DATA SHOWN:
++++++++++++++++++++

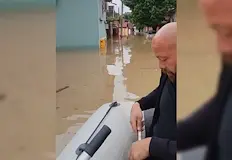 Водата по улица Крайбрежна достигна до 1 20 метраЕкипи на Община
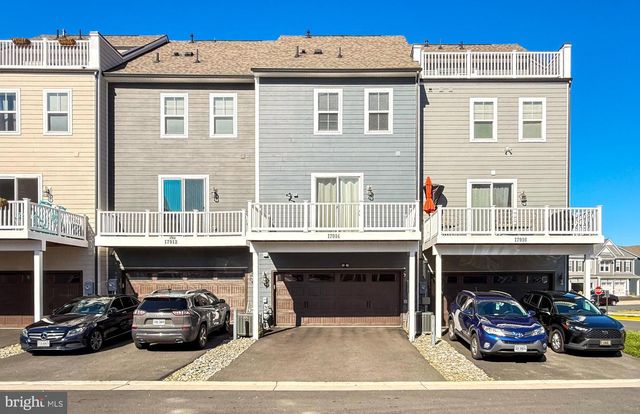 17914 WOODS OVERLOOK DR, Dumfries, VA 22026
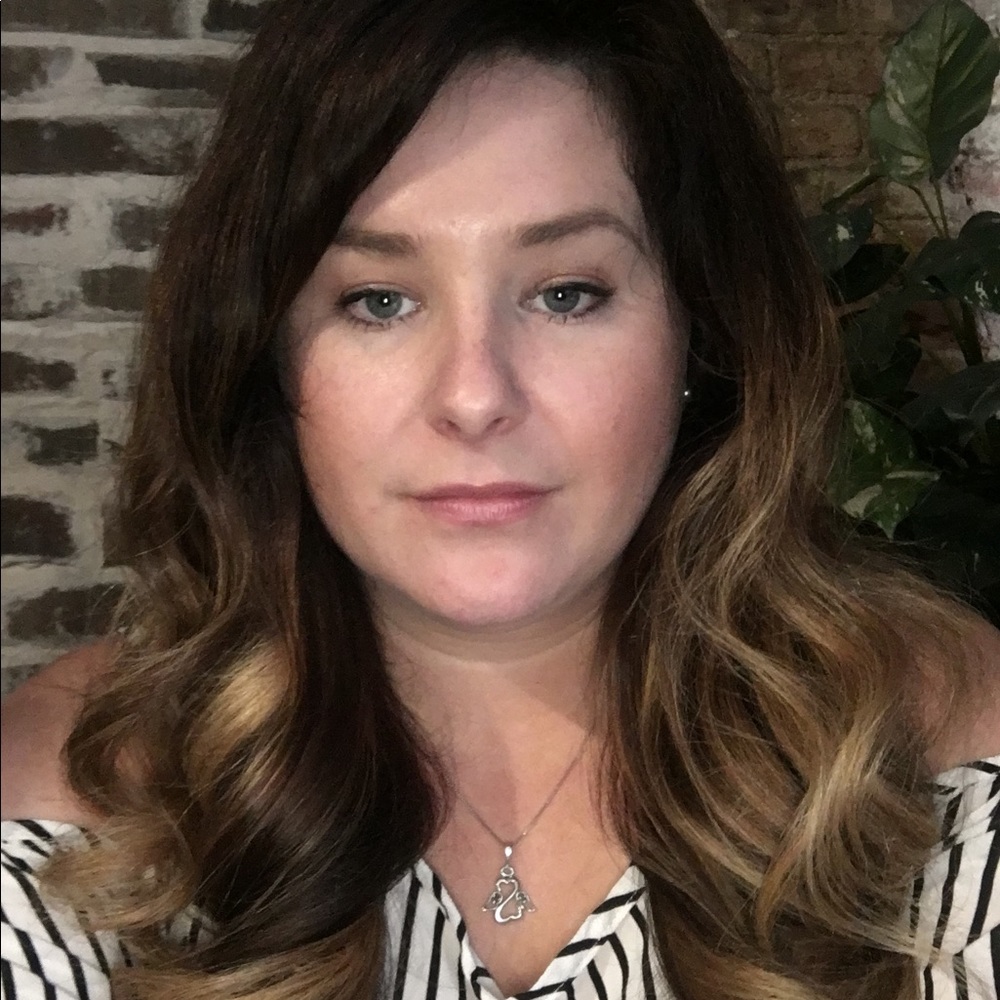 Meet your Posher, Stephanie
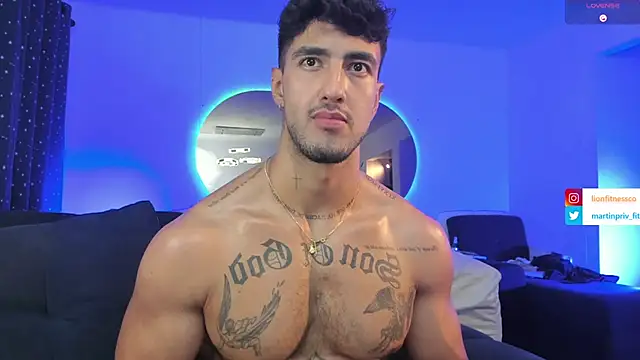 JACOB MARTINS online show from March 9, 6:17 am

++++++++++++++++++++

YOUR ASSIGNMENT: Word for word, give again the lines from the line holding "17914 WOODS OVERLOOK DR, Dumfries, VA 22026" through the last line of the material, both included; pictures are not part of the copy.

FINISHED EXERCISE:
 17914 WOODS OVERLOOK DR, Dumfries, VA 22026
 Meet your Posher, Stephanie
 JACOB MARTINS online show from March 9, 6:17 am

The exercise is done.